== Dataset excerpts ==

########################################

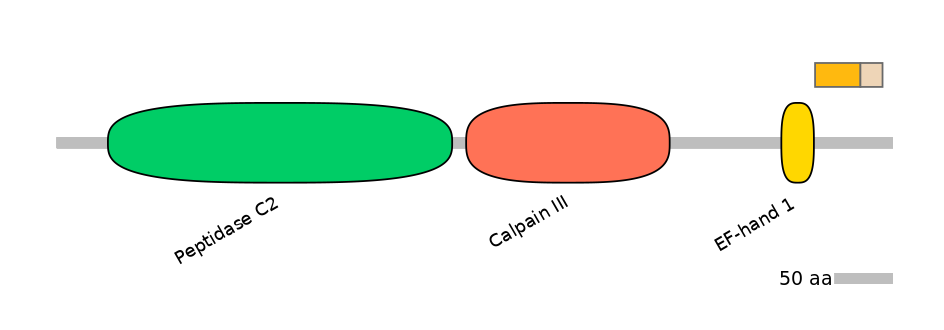 HsaINT0027382-EXC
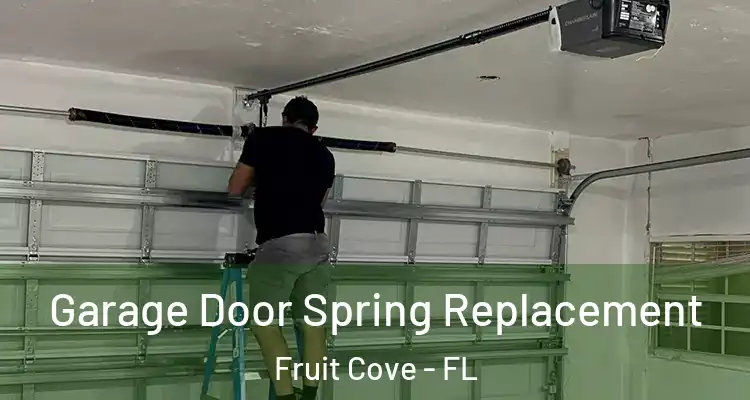  Garage Door Spring Replacement Fruit Cove - FL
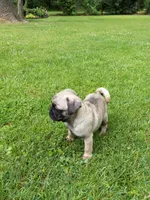 Bo, a male Pug for sale in Luray, VA – 3 of 5
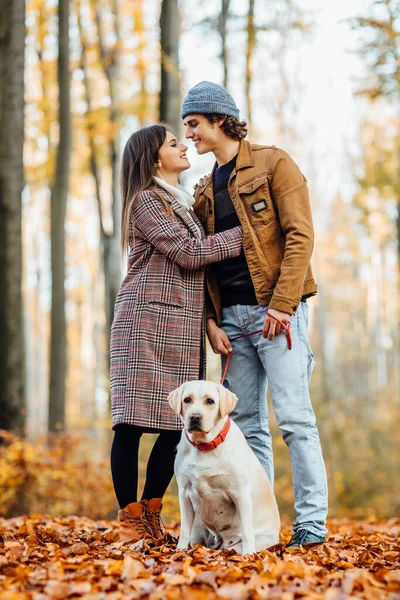 Propietarios Caminando Labrador Retriever Aire Libre Día Otoño — Foto de Stock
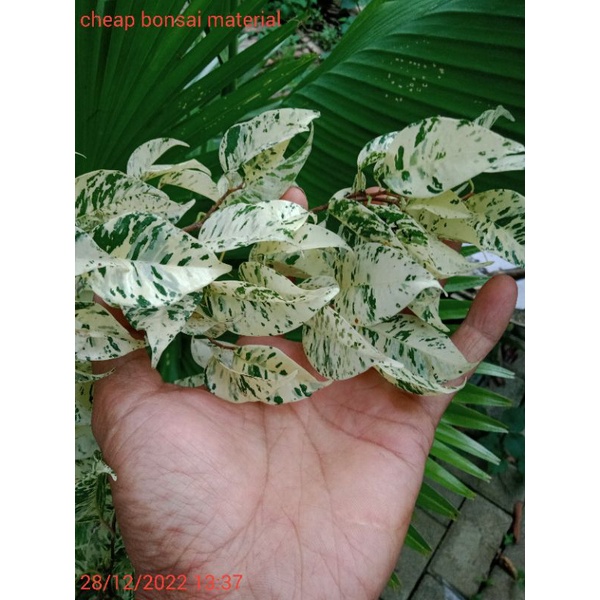 ficus benjamina eldorado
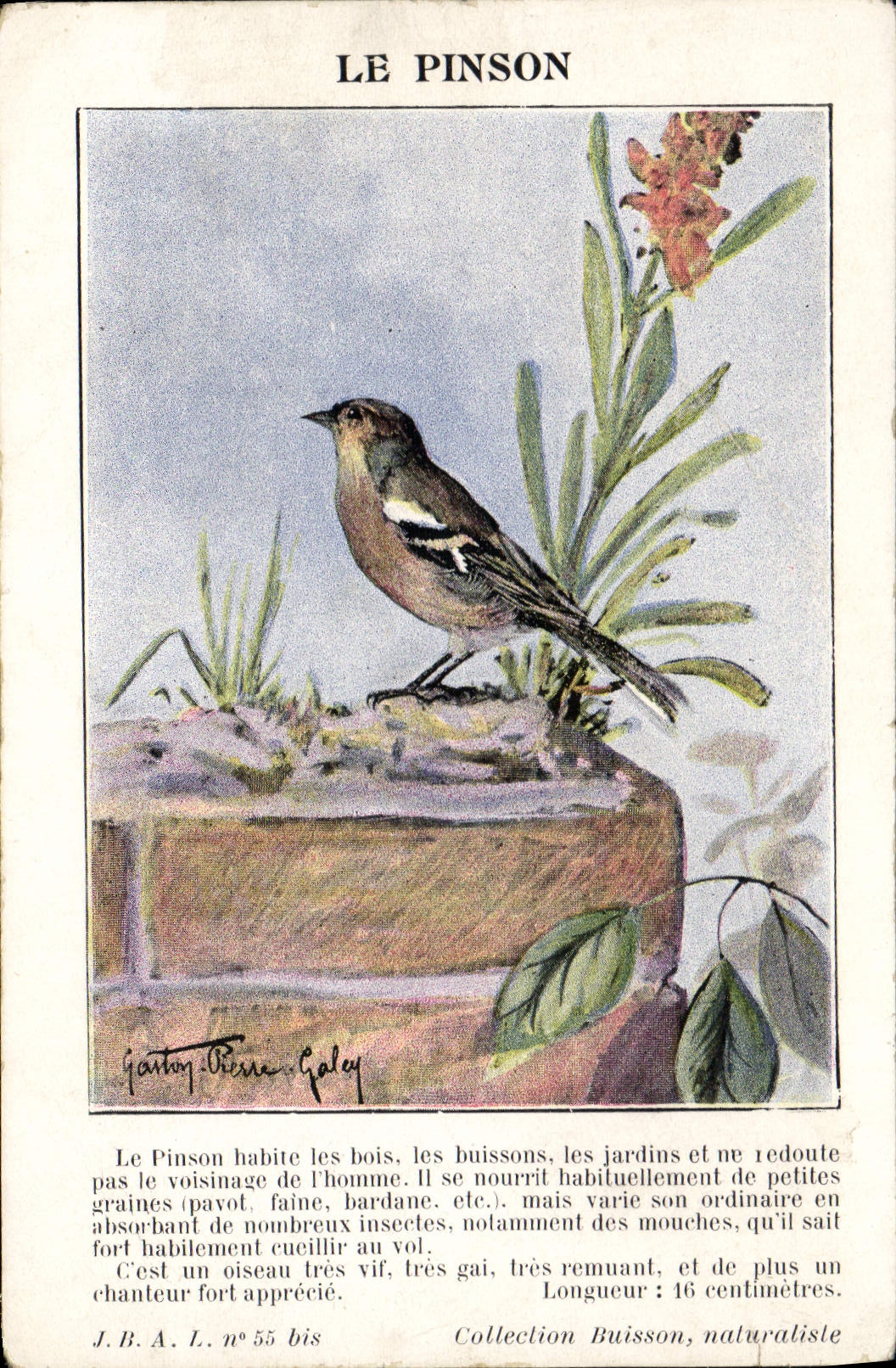 Vintage Postcard the finch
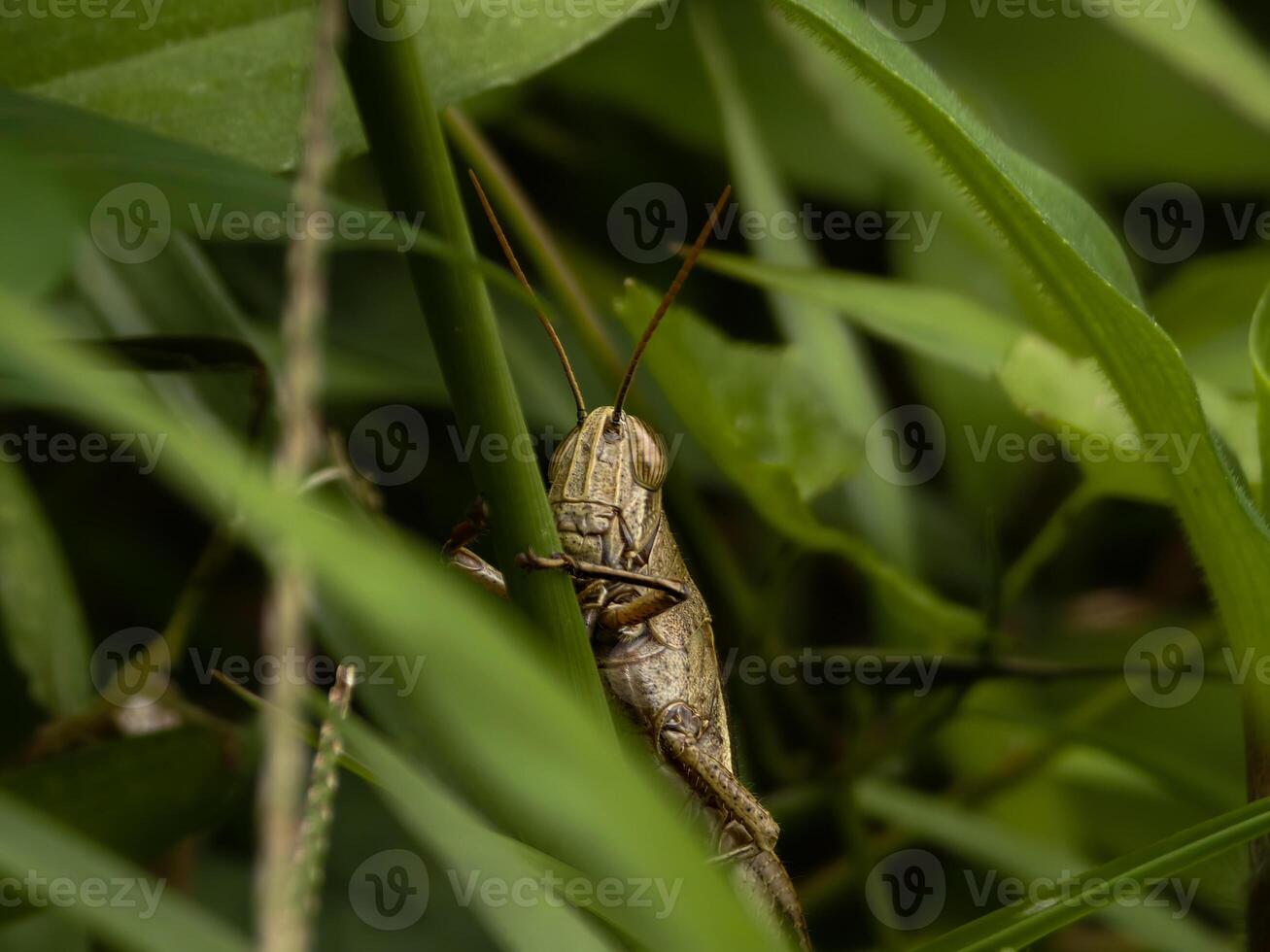 A brown grasshopper is camouflaged among green grass, its body and antennae partially visible in a natural habitat photo
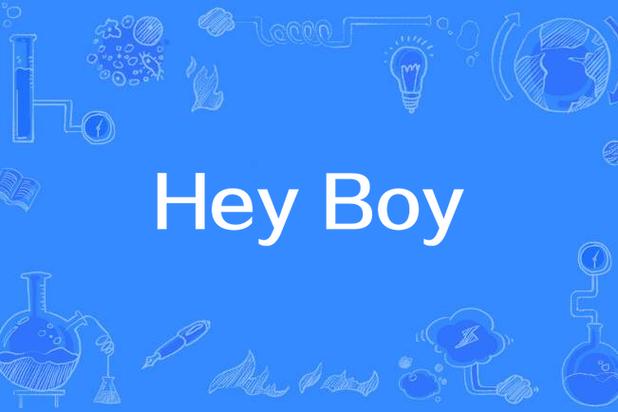 hey boy的翻译图标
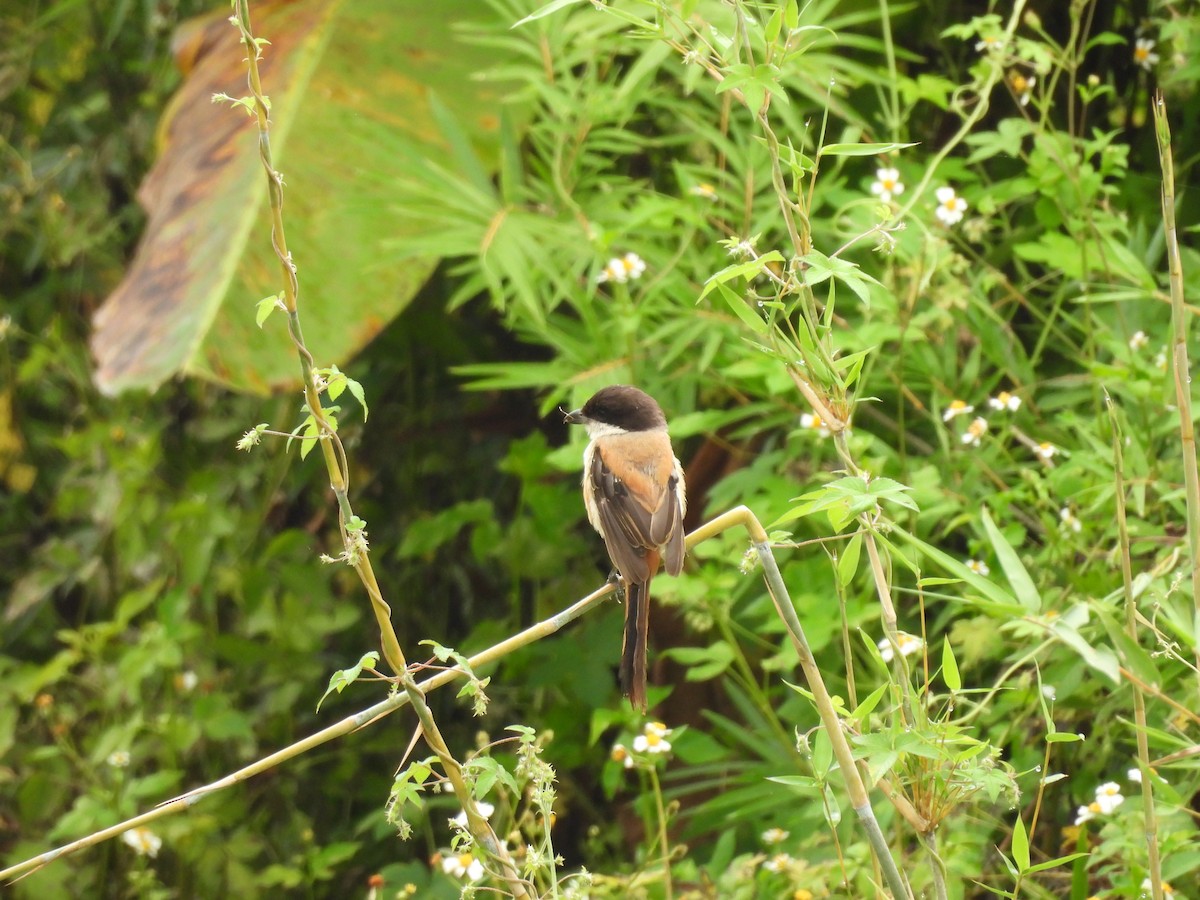 Long-tailed Shrike - Xiongfei Pu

########################################

== Aim of the task ==
Output, exactly and only: the line containing "Bo, a male Pug", the last line of the listing above, and every line in between. Leave the pictures out.

== Response ==
 Bo, a male Pug for sale in Luray, VA – 3 of 5
 Propietarios Caminando Labrador Retriever Aire Libre Día Otoño — Foto de Stock
 ficus benjamina eldorado
 Vintage Postcard the finch
 A brown grasshopper is camouflaged among green grass, its body and antennae partially visible in a natural habitat photo
 hey boy的翻译图标
 Long-tailed Shrike - Xiongfei Pu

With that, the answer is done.